# I can't wait to take my BeDazzler® to my PajamaJeans®



## mal (Dec 30, 2010)

Seriously... Who's buying this Shit?... 

Admit it!... ADMIT IT!



peace...


----------



## jillian (Dec 30, 2010)

you know, i saw those commercials... and all i could think of is there are a bunch of really fat chicks out there who think no one will realize they're wearing stretch pants. lol.. 

it cannot possibly be a good look.


----------



## strollingbones (Dec 30, 2010)

i am in awe of those pj jeans.....just in total awe


----------



## mal (Dec 30, 2010)

jillian said:


> you know, i saw those commercials... and all i could think of is there are a bunch of really fat chicks out there who think no one will realize they're wearing stretch pants. lol..
> 
> it cannot possibly be a good look.



Imagine the "Gunt" of xotoxi's putting on a pair... 



peace...


----------



## DiveCon (Dec 30, 2010)

jillian said:


> you know, i saw those commercials... and all i could think of is there are a bunch of really fat chicks out there who think no one will realize they're wearing stretch pants. lol..
> 
> it cannot possibly be a good look.


i dont know, but i have a feeling they wouldn't look too bad on you
seeing the type of dress you like in another thread


----------



## Mr.Fitnah (Dec 30, 2010)

Where I grew up, if you were  out on the street  in your pajamas and  you were not standing in front of your burning house, boom they would throw your ass into the nut house.
Fucken Ronny Reagan screwed all that up.
Now  you got a country full of Al Franken Obama voters.
Got to love unintended consequences .


----------



## mal (Dec 30, 2010)

Arts & Crafts... 

Humor Section maybe?...



peace...


----------



## Dis (Dec 30, 2010)

mal said:


> Arts & Crafts...
> 
> Humor Section maybe?...
> 
> ...



What say you just stop assuming your shit is Flame Zone quality, and post it where it actually belongs, rather than trying to turn the Flame Zone into your own little chat space, since we don't have a special "Mal's Dumping Ground" for your stupid shit yet?
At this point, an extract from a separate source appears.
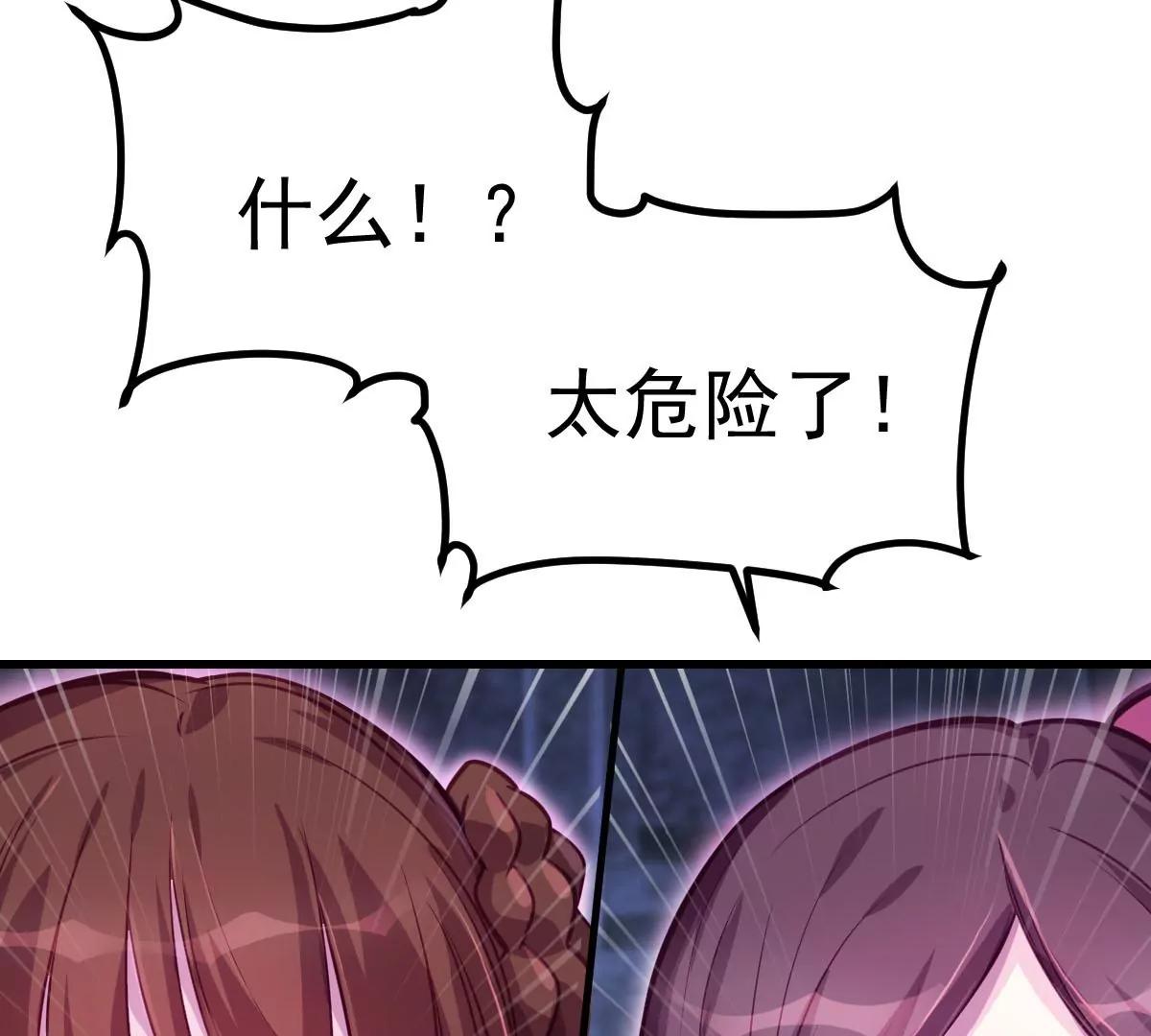 第38话(1/3)-第47话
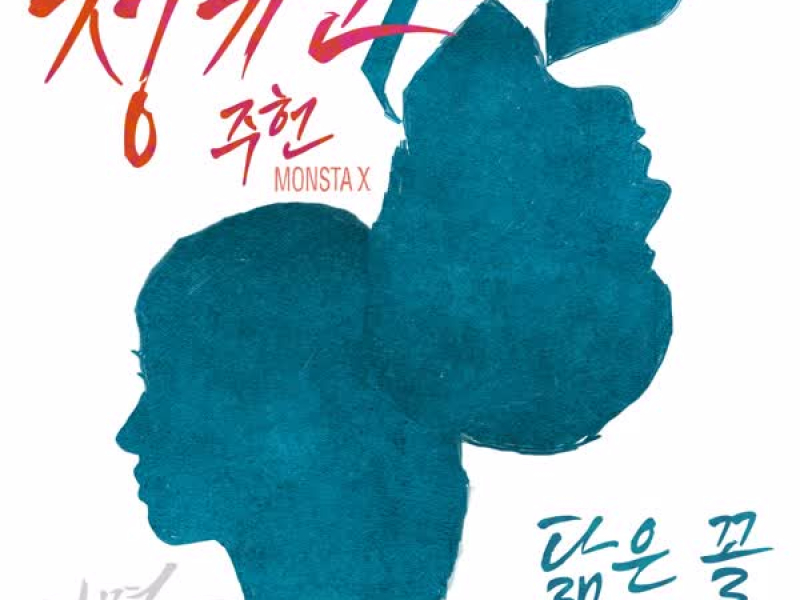 Mask OST Part.7 (EP)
(Tho, don't think I'm not trying to figure out how to get such a thing.)


----------



## mal (Dec 30, 2010)

Dis said:


> mal said:
> 
> 
> > Arts & Crafts...
> ...



Ah, how Sweet of you, Dis... 

We've got to Stop Meeting like this in the Mornings... People will Talk. 



peace...


----------



## Phoenix (Dec 30, 2010)

mal said:


> Ah, how Sweet of you, Dis...
> 
> We've got to Stop Meeting like this in the Mornings... People will Talk.
> 
> ...



WILL talk?  Pffffftttt!

With Dis trying to give you special treatment like that, we figured you were already hitched with a couple pups on the way.


----------



## DiveCon (Dec 30, 2010)

Dis said:


> mal said:
> 
> 
> > Arts & Crafts...
> ...


you're an admin, should be rather easy to do


but dont you think that would make his head get even bigger than it already is


----------



## mal (Dec 30, 2010)

DiveCon said:


> Dis said:
> 
> 
> > mal said:
> ...



Stop Suckin' Mod Cock, Divey... 

You're a Hall Monitor... It's all you'll ever be. 



peace...


----------



## mal (Dec 30, 2010)

Oh yeah, and Happy New Years Eve, Eve...



peace...


----------



## DiveCon (Dec 30, 2010)

mal said:


> DiveCon said:
> 
> 
> > Dis said:
> ...


just yankin yer chain, mal 
or can you only dish it, not eat it?


----------



## mal (Dec 30, 2010)

DiveCon said:


> mal said:
> 
> 
> > DiveCon said:
> ...





That's the Spirit!...

Now go Calm GT down... He's havin' a Bad Week.



peace...


----------



## Dis (Dec 30, 2010)

DiveCon said:


> Dis said:
> 
> 
> > mal said:
> ...



It is, but Gunny's first instinct is to always say no. He's predictable like that.


----------



## Valerie (Dec 30, 2010)

mal said:


> DiveCon said:
> 
> 
> > Dis said:
> ...






Ahhh...I'm pretty sure Dis doesn't have one of those...


----------



## Valerie (Dec 30, 2010)

mal said:


> Seriously... Who's buying this Shit?...
> 
> Admit it!... ADMIT IT!
> 
> ...






Never heard of them.


----------



## Dis (Dec 30, 2010)

Valerie said:


> mal said:
> 
> 
> > DiveCon said:
> ...



Not last time *I* looked, anyway.. But you know Malsie-Walsie.. Anything for attention.


----------



## boedicca (Dec 30, 2010)

All that outfit needs is a matching Suggie.


----------



## mal (Dec 30, 2010)

Phoenix said:


> mal said:
> 
> 
> > Ah, how Sweet of you, Dis...
> ...







peace...


----------